L'un des responsables de l'institution, Kaasik, a jugé qu'il serait « raisonnable » d'anticiper encore une hausse des taux directeurs. Selon lui, la situation actuelle justifie un resserrement monétaire supplémentaire, sans pour autant préciser le calendrier ni l'ampleur exacte d'une telle mesure. Cette déclaration a été faite alors que les regards se tournent vers la prochaine réunion de politique monétaire.
Un pipeline de prix sous surveillance
De son côté, un autre haut responsable, Philip Lane, a recentré l'attention sur le « pipeline des prix », c'est-à-dire la transmission des hausses de coûts en amont vers les consommateurs finaux. Lane a appelé à une vigilance accrue face aux signaux qui pourraient indiquer une persistance des tensions inflationnistes. Il a souligné que les effets des chocs récents se propagent encore dans l'économie, rendant nécessaire une observation minutieuse des données à venir.
Dans le même ordre d'idées, le gouverneur Sleijpen a clairement affirmé que l'ampleur du choc inflationniste « reste à voir ». Cette formule, reprise par plusieurs responsables, reflète un consensus au sein de la BCE : les conséquences des récentes perturbations sur les prix ne sont pas encore pleinement évaluées, et toute décision monétaire devra tenir compte de l'évolution des indicateurs économiques.

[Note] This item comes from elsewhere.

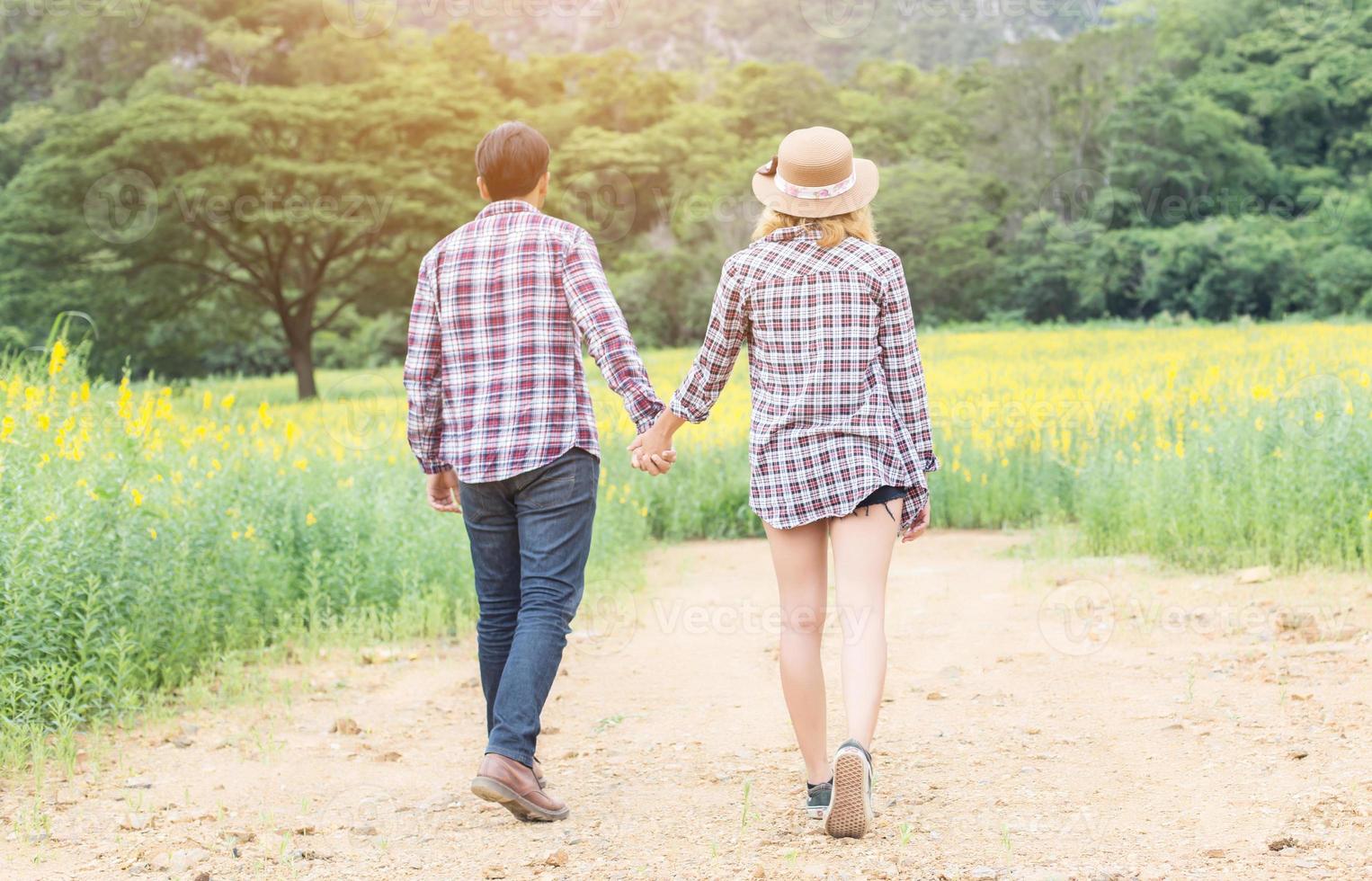 Young hipster couple relaxing in yellow flower field at summer. Enjoying with nature. photo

Des messages prudents avant le forum de Sintra
Ces prises de position interviennent alors que se profile le forum annuel de Sintra, un rendez-vous majeur pour les banquiers centraux européens. L'ancien responsable de la Réserve fédérale américaine, Kevin Warsh, devrait y prendre la parole, ce qui ajoute une dimension internationale aux débats. La BCE devrait y réaffirmer sa détermination à lutter contre l'inflation, tout en reconnaissant les incertitudes qui pèsent sur les perspectives.
Les marchés financiers suivent de près ces déclarations, qui pourraient influencer les anticipations sur le futur des taux. Si certains analystes tablaient sur un pic prochain du cycle de resserrement, les propos récents des responsables de la BCE suggèrent que la porte reste ouverte à de nouvelles hausses, en fonction des données.

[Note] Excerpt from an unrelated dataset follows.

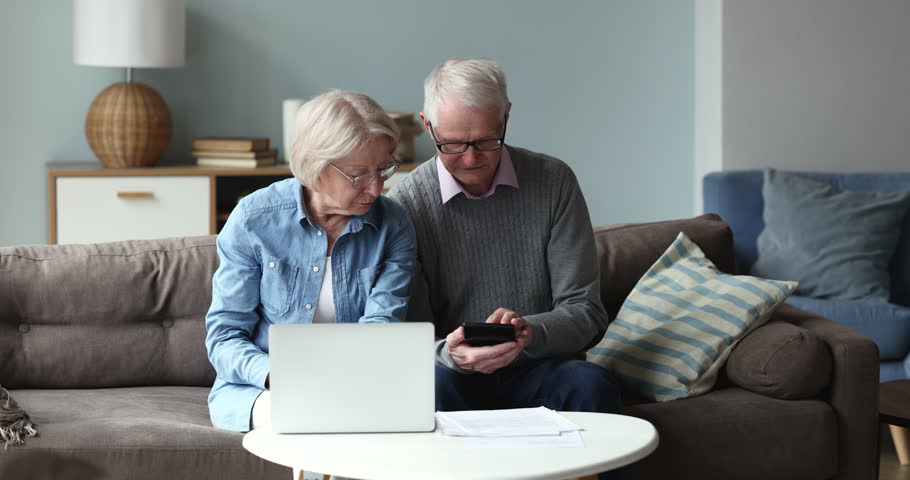 Confused serious older retired couple in glasses calculating monthly expenses, rent, mortgage, insurance, taxes, fees, doing accounting work, using banking, payment app on laptop Royalty-Free Stock Footage #1102645733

Une approche progressive et dépendante des données
L'orientation générale qui se dégage des interventions des différents membres du conseil est celle d'une approche « dépendante des données ». La BCE semble vouloir garder une marge de manœuvre, tout en préparant les marchés à d'éventuelles actions supplémentaires. La prudence est de mise, car une erreur de calibration pourrait soit laisser l'inflation s'ancrer, soit freiner prématurément la reprise.
En conclusion, les déclarations des principaux responsables de la BCE traduisent une vigilance accrue. Alors que l'onde de choc des prix du pétrole continue de se diffuser dans l'économie, l'institution monétaire européenne se montre résolument attentiste sur l'évaluation des conséquences, tout en laissant entendre qu'un nouveau tour de vis monétaire n'est pas exclu.